Amazon Web Services said Project Rainier, an AI compute cluster powered by 500,000 Trainium2 chips, is now in use for Anthropic.

The AI infrastructure project is critical for AWS since it is being used by Anthropic to train its Claude models as well as other workloads. AWS said that Project Ranier will ultimately scale to 1 million Trainium2 processors.

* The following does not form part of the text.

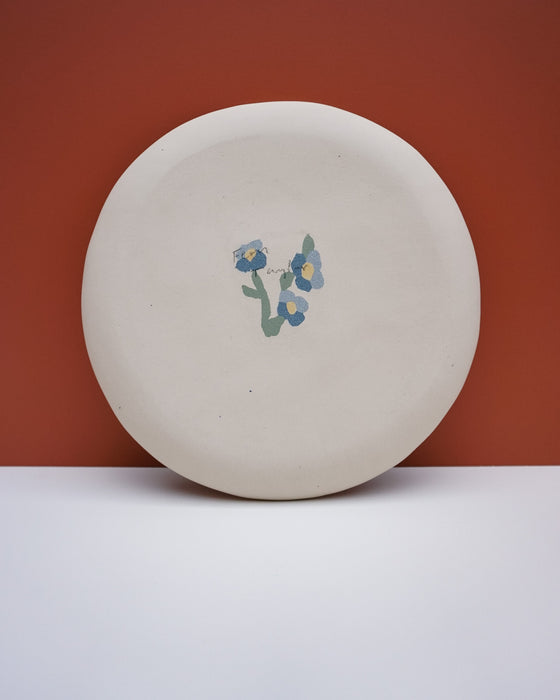 A round, off-white ceramic plate with a small blue and green floral design in the center, set against a split background of terracotta and white. Fern Taylor Ceramics | Hope Collection | Shop Fodder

Project Ranier was announced a year ago. Anthropic has pursued a multi-cloud approach and recently said it would procure TPUs from Google Cloud. Anthropic's models will now run on Nvidia, AWS and Google Cloud.

Key facts include:

  • AWS said Project Rainier will have more than 1 million Trainium2 chips by the end of the year.
  • The AI compute power is being used to build and deploy future versions of Claude.
  • Project Rainier is AWS largest infrastructure project to date.
  • Project Rainier is designed as a massive “EC2 UltraCluster of Trainium2 UltraServers.”
  • The architecture consists of stringing together UltraServers, which have four physical Trainium2 servers each with 16 Trainium2 chips. They communicate via high-speed connections called NeuronLinks.
  • The combination of these Ultraservers add up to an UltraCluster.
  • AWS said the vertical integration will enable it to continually optimize Project Rainier for cost and energy efficiency.
  • Given that AWS is highly likely to announce Trainium3, the next question will revolve around the replacement cadence and depreciation for Trainium2.

Constellation Research analyst Holger Muller said:

"It's good to see AWS being on track to build its first super computer. Traditionally AWS would scale through many machines not large machines, which require different engineering and different fault tolerances. We will see more details when the new machine will be in production. Obviously, AWS is confident for it to work and wants a portion of the news during GTC week. And finally it's a great proof point for AWS wanting to keep workloads inhouse and living the build vs buy mantra."